This past Sunday we had our Heroic Alt run, and I was doing it on my Windwalker, since I don’t really have any alts. It had been the first week that I had spent several extra nights grinding M+ trying to get practice and get better, part of a new plan of improvement, and I was feeling really good and wanted to put in some really strong parses. Things went OK, but I wasn’t playing as well as I wanted to. The night snowballed and ended on a really rough note.

I came to the realization that most nights have ended on a rough note for the past few months, or at least weeks. There’s probably a certain level of negativity bias, but I decided that all the extra work wasn’t worth little to no reward. So I decided, a few hours later after much thought and lamentation, that I was going to retire from progression raiding.

I probably should have pulled this trigger months ago. I had my resignation letter to my guild started in February, but I kept holding out hope, throwing darts at the wall and hoping something would stick. I finally came to the realization that things we’re going to get better without a lot of time and work. And it wasn’t going to be fun time and work, it was going to be doing things like M+ and PvP, things that I really don’t enjoy… at all.

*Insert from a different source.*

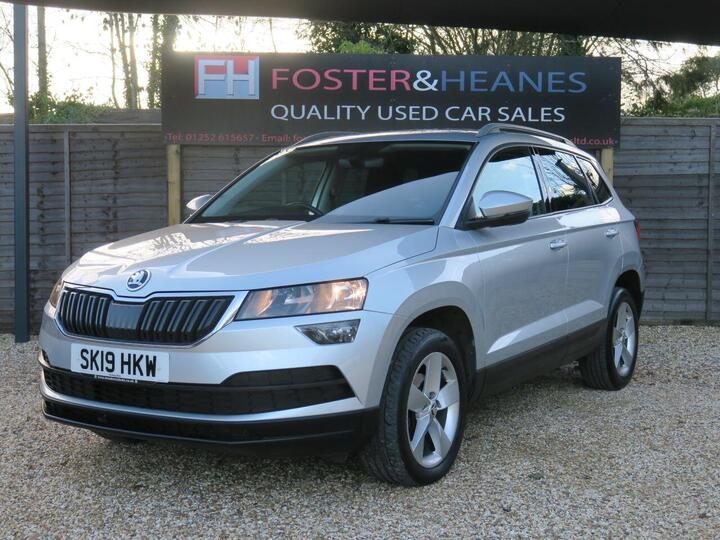 Skoda KAROQ 1.6 TDI SE DSG Euro 6 (s/s) 5dr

It was going to be hard and miserable work and I decided that I didnt want to spend 10+ hours a week doing things I didn’t like, just to spend 7 hours a week doing something I do like.

I was talking to my parents earlier this week, after my wife let my decision leak to my sisters who spread it to my parents, probably to make sure I wasn’t spiraling into some deep depression, and they asked how long I had been playing, and it took me a few seconds….

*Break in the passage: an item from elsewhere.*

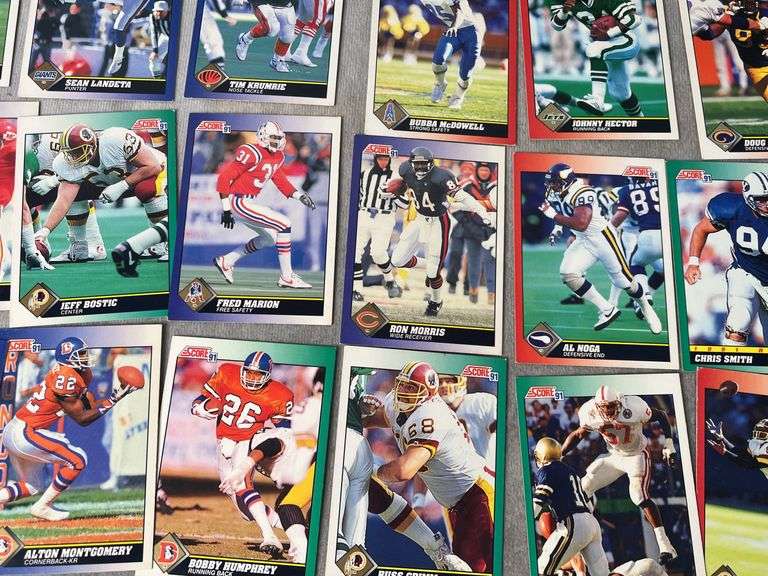 1991 SCORE Football Cards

I first played in high school, around 2005/2006, but not with any real interest in the game. I think I leveled a hunter to level 38 before stopping. I came back once college started in 2007 because the game I had been playing RYL was no longer being supported. I’ve pretty much been playing ever since, with probably about 9 months worth of breaks mixed around here and there when my grade dipped.

I took my most recent break at the end of college when I was starting grad school, mid 2011. I came back around the holidays that year and pushed back to high level raiding; trying, successfully, to stay inside the top 100 of the US while being as efficient with my time as possible.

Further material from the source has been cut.